The two related ideas that SM7 highlights are the ever-closer relationship between the physical and cyber worlds and the vast potential of the “Internet of things,” in which there is almost no limit to the reach of electronic devices.
BlackBerry’s Fall from Grace Continues
It’s far too early to say how the $4.7 billion buyout of BlackBerry by Fairfax Financial Holdings will play out. Big deals take a long time to work themselves through. For quite some time, a whole lot of nothing happens.
It’s not too early, however, to recognize the magnitude of the fall of BlackBerry, which is illustrated not only by the bargain basement sale to Fairfax but by dreadful second quarter results, which include a 45 percent drop in sales revenue from the year-ago quarter, that were announced today.
BusinessWeek, which notes that the company once was valued at $83 billion, puts the price Fairfax paid into perspective:
Including net cash, the proposal values the Waterloo, Ontario-based company at an 80 percent discount to its book value and just 0.17 times its sales, the cheapest revenue multiple on record among similar-sized North American telecommunications or technology.
At one time, BlackBerry was every bit the go-to company as Apple or Google.
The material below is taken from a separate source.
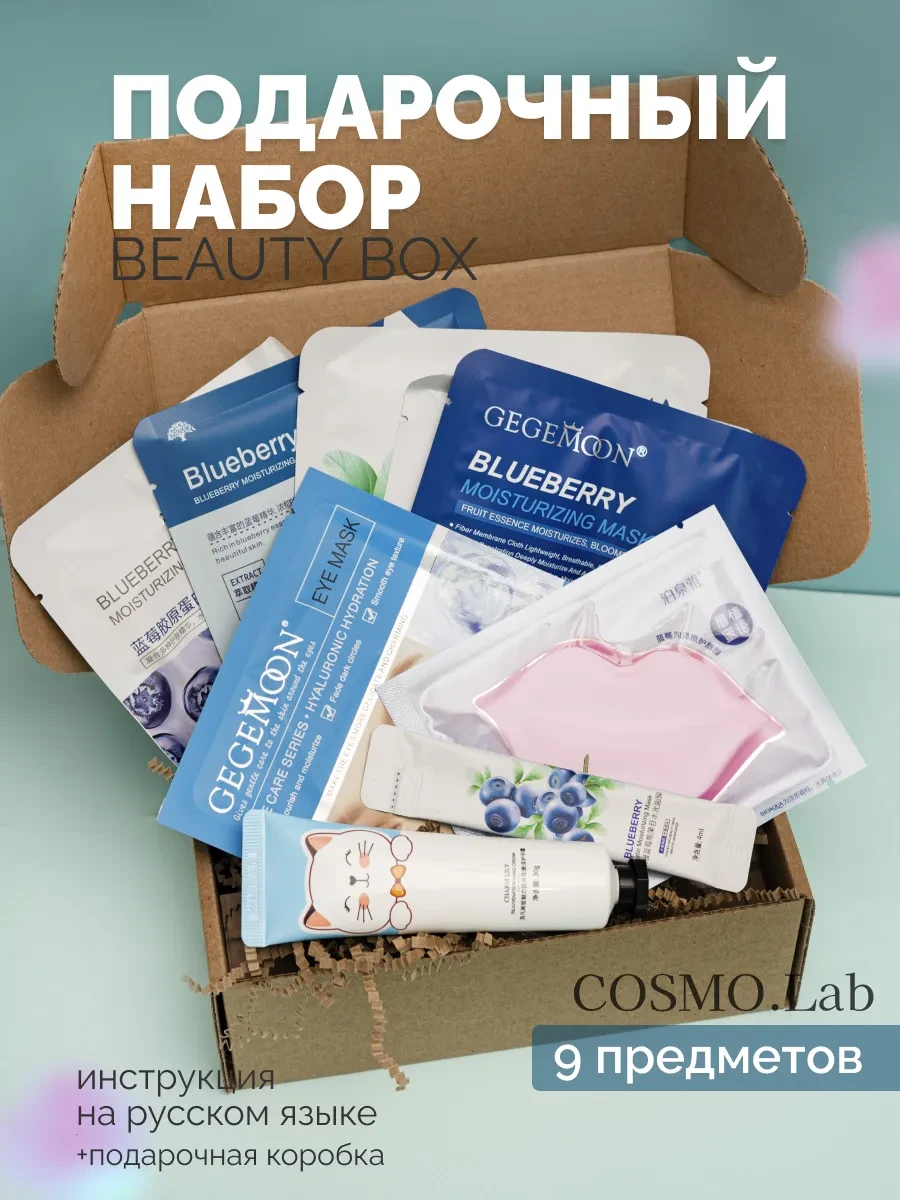 ⚡️ Набор косметики уходовой подарочный бьюти бокс в подарок, COSMO.Lab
Its fate suggests two things: Nobody should get too comfortable and the only constant is change.
Corporations Use Wearable Computing to Keep Fit
Technological innovations are first aimed at doing things we’re already doing more cheaply, more easily and/or more efficiently. Once those obvious uses are exhausted, innovators begin to find new and often exciting uses for the new technology.
A good example of that trend is the use of wearable computing in the workplace. ABI Research says that during the next five years, more than 13 million wearable devices with wireless connectivity will be used in corporate wellness programs. Thus, the technology will be used in innovative ways to keep the workforce healthy and at work.
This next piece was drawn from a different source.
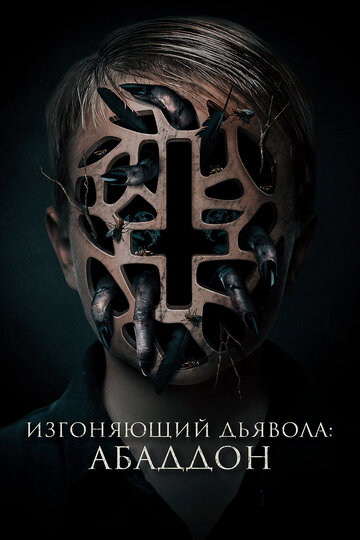 Изгоняющий дьявола: Абаддон трейлер (2019)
ABI reports that the category is being targeted by a number of vendors. The press release mentions FitBit, BodyMedia and FitLinxx.
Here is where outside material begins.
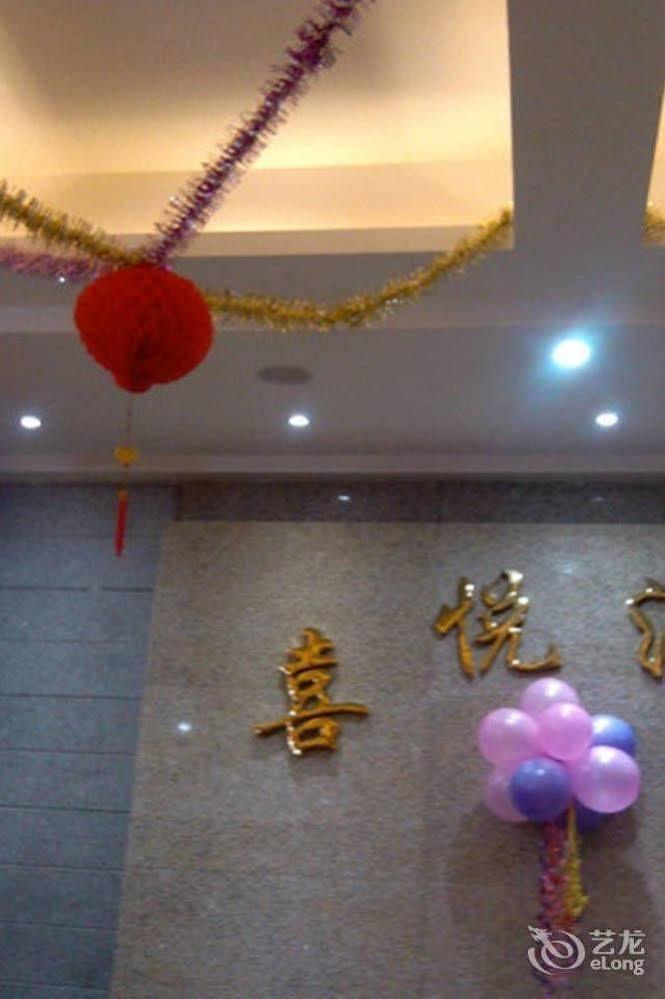 Zhanjiang Joyful Hotel Zhenhai  Экстерьер фото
3D Printing Getting Bigger
And, finally, comes a story that gets more interesting and a bit creepier as time goes by. NewScientist reports that the Massachusetts Institute of Technology’s Self-Assembly Lab has figured out a way to use 3D printing to replicate objects bigger than the printer being used.
The idea is to piece smaller bits together later:
The approach, called Hyperform, converts the object to be printed into a single long chain made from interlocking links. An algorithm works out how that chain can be packed together into the smallest cube possible using a Hilbert curve – a fractal-based pattern that is the most efficient way of squeezing a single line into a small as space as possible. The resulting cube is small enough to be printed inside a standard printer.
The resulting cube can be deconstructed and reassembled into the desired object, which may end up being bigger than the printer.